African Communalism versus Western
Individualism: A false dichotomy
Posted by Graham Knight
This post is the personal opinion of the author and
may not reflect the views of the Humanist
Association of Ghana.
Professor Osei’s presentation at the International
Humanist Conference in Accra, 2012 entitled The
Relevance of Secular Humanism to the
Contemporary African Society asserted that the
Western construct of Humanism is bringing
excessive individualism to Africa in opposition to
its traditional values of communalism. Professor
Osei also said we need to think about the issue of
LGBT rights within this context.
To find a distinctly African expression of
humanism sounds like an attractive project, yet
the assertion has also been bothering me. I have
been pondering on these issues since that
presentation and hope I may have found a
resolution to the apparent conflict.
We need to recognise that the use of the terms
African and Western are problematic short-hands
in this context, because they group together
different cultures, seeing them as uniform.

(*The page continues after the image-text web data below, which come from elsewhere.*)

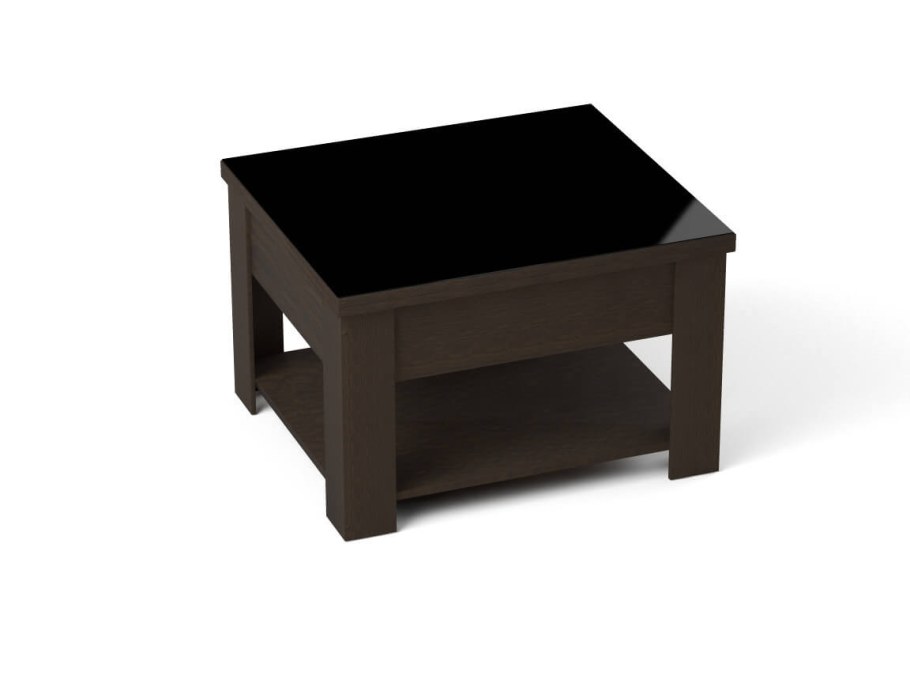 Стол-трансформер "акробат" (обеденный-журнальный)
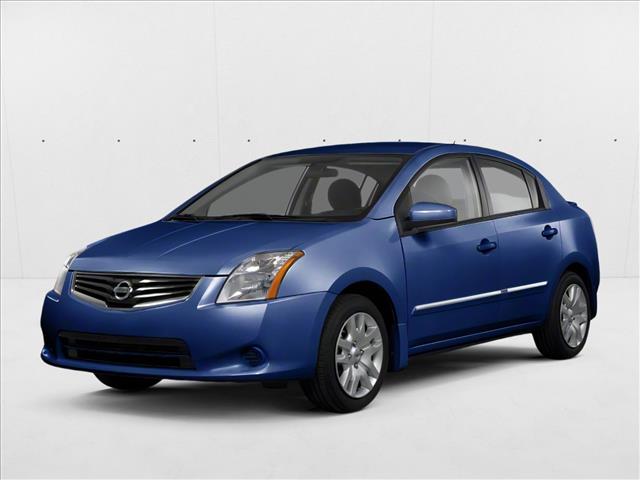 2012 Nissan Sentra S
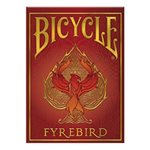 Bicycle Deck Fyrebird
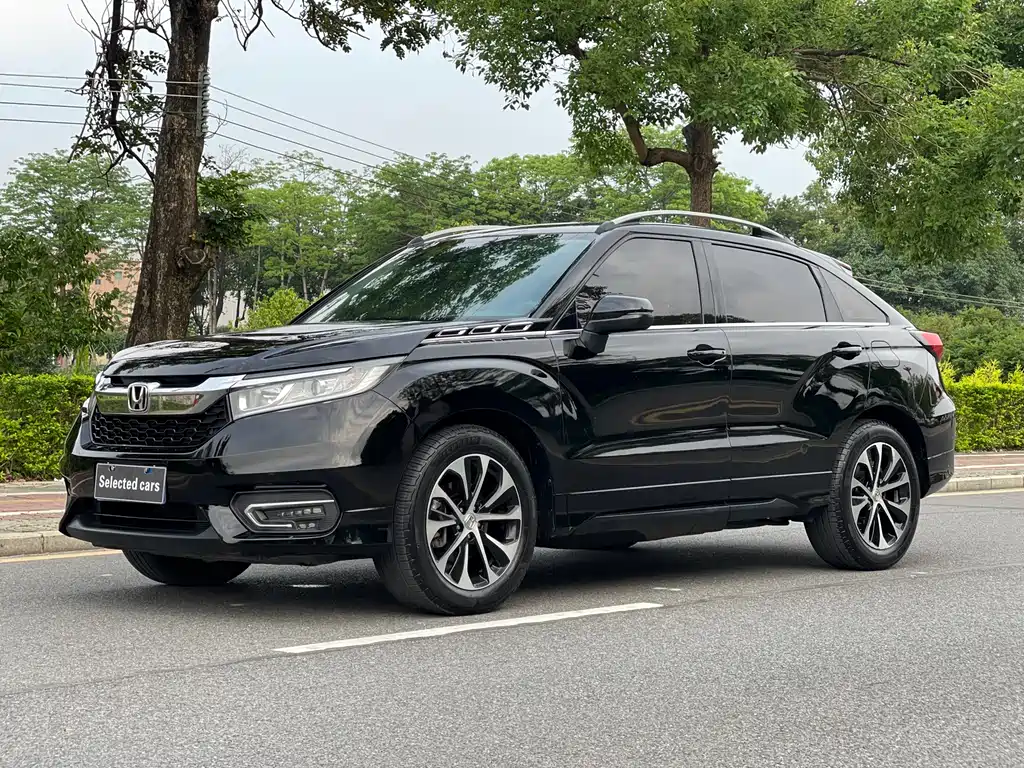 Honda Avancier 2018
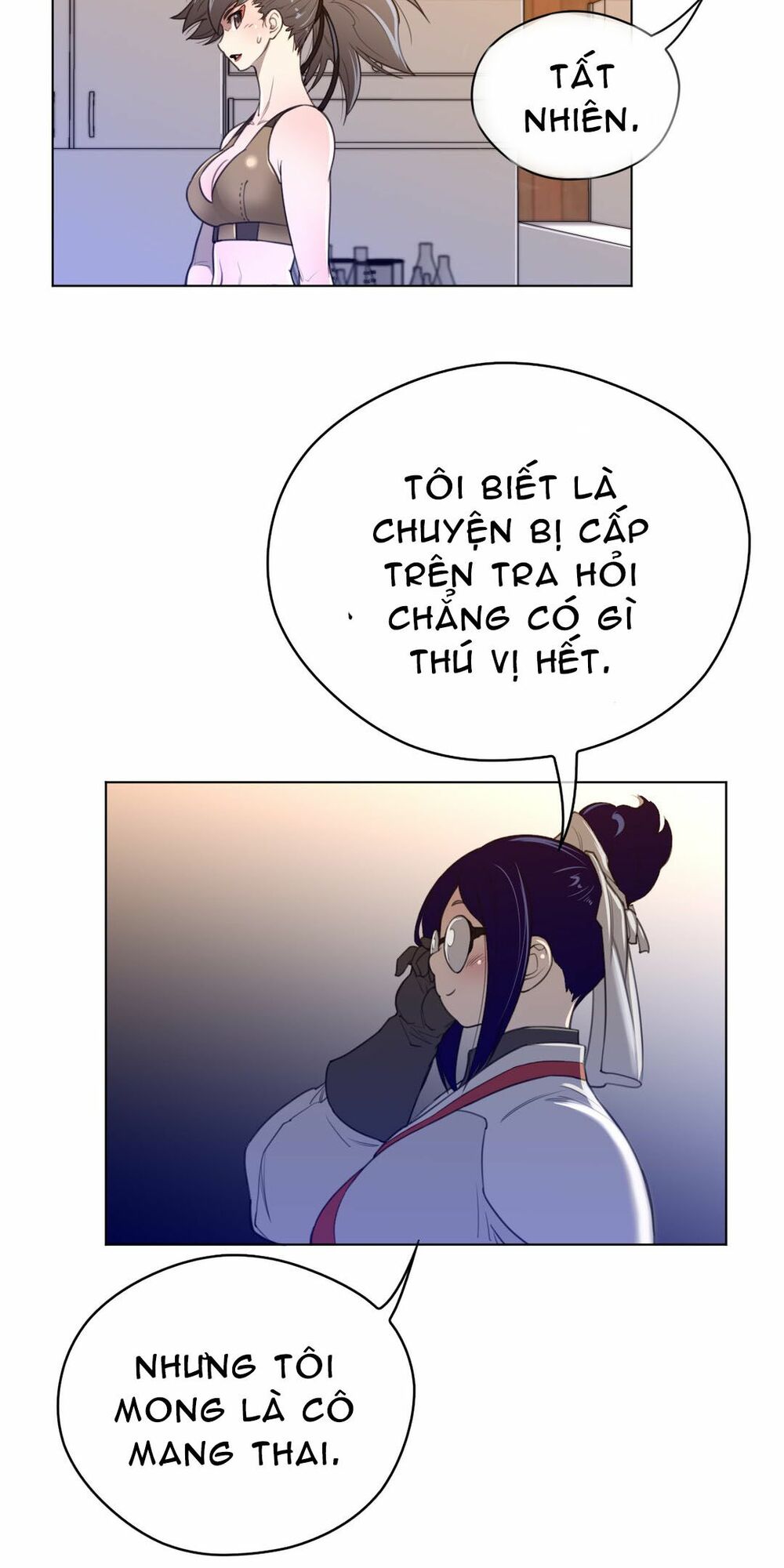 một nửa hoàn hảo chapter 38 - Next chapter 39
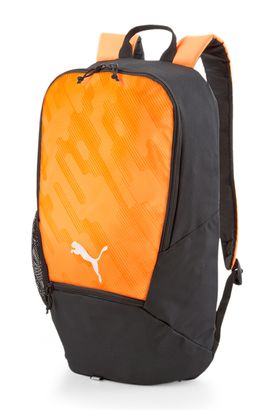 PUMA IndividualRISE Backpack Neon Citrus-Puma Black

We all
know there is no country called Africa yet so often
people talk of the West as a place.
Also, sadly, I doubt that humanism is currently as
influential as to bear such a great influence on the
collective consciousness of Ghanaians as to lead
them into excessive individuality. Rather I would
argue that it is the economic system we live under
and urban life which is eroding communal ways of
living.
I also believe there is a false dichotomy between
the individual and the collective. The benefits of
the collective are also expressed through the
benefits to the individual and if our individual
needs were not being met the collective would not
survive. Instead, we need to see the relationship
between communalism and individual rights as a
dialectical one.
In the past communalism was often maintained
through rules and taboos. Today everything is to
be questioned. For example we now challenge the
purity of ethnic groups by customs prohibiting
marriage between certain groups. This process
cannot be halted.
So we are now faced with making conscious moral
choices about the way we live with others which
humanism can inform. Communal ways of living
are certainly becoming more difficult with
modernity, but ways of caring for others are still
possible. The emergence of the State has also
taken over many of the responsibilities that
communities or individuals once had. The
functions of communalism now take
different forms although its appearance
has changed.
The ‘West’ is often accused of being individualistic
but this ignores the ways in which solidarity and
social responsibility still exist. Examples in the UK
for example, would be the tax contributions
individuals make to the welfare state which
provides cheap rent, free health care, money given
for the upbringing of your children , allowances
when you are unemployed or disabled and state
pensions. People also do voluntary work for ethical
causes, donate to charity, give blood, adopt
children, set up and work within community
neighbourhood projects, etc.
Human rights therefore, far from being due to
excessive individualism should be seen within the
context of the collective. Where individualism
separates people into different groups and assigns
them superior or devalued statuses, atomising
society, human rights recognises our common
bonds.
The contemporary colonial legalistic and religious
condemnation of people with same-sex desire
creates false divisions and embodies forms of
sexual desire within the individual. The fight for
LGBT rights should not therefore be seen as
western individualism but as welcoming people
into the collective and acknowledging the role they
can also play as human beings.
Our job as humanists is to alert people to the
necessity of making moral choices about how we
connect and interact with those around us and to
find practical solutions to those challenges.